"The Trvve Picture of One Picte": Exploring the Colonial Roots of Pictish Archaeology
Author(s): Daniel R Hansen
Year: 2023
Summary
This is an abstract from the session entitled "Paper / Report Submission (General Sessions)", at the 2023 annual meeting of the Society for Historical Archaeology.
At the end of Thomas Hariot’s late 16th century manuscript A briefe and true report of the new found land of Virginia are included three images of Picts, a people who inhabited northern Britain in late antiquity and the early middle ages, as well as two images of “neighbours unto the Pictes.” In his words, Hariot appended these images “to showe how that the Inhabitants of the great Bretannie haue bin in times past as sauuage as those of Virginia.”

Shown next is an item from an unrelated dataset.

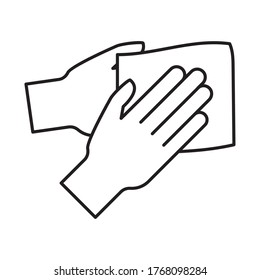 manos con diseño de iconos de estilo de línea de trapo, servicio de limpieza lavado hogar y tema de higiene Ilustración de vectores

While the role of Pictish archaeology in Scottish and British national projects, pan-Celticism, and other European political discourses is well documented, the initial emergence of a scholarly interest in the Picts within the context of Atlantic colonization is less often considered. This paper traces the ways in which colonial logics contributed to the definition of the Picts as an object of archaeological research and continue to shape the field today.
Cite this Record
"The Trvve Picture of One Picte": Exploring the Colonial Roots of Pictish Archaeology. Daniel R Hansen. Presented at Society for Historical Archaeology, Lisbon, Portugal. 2023 ( tDAR id: 475627)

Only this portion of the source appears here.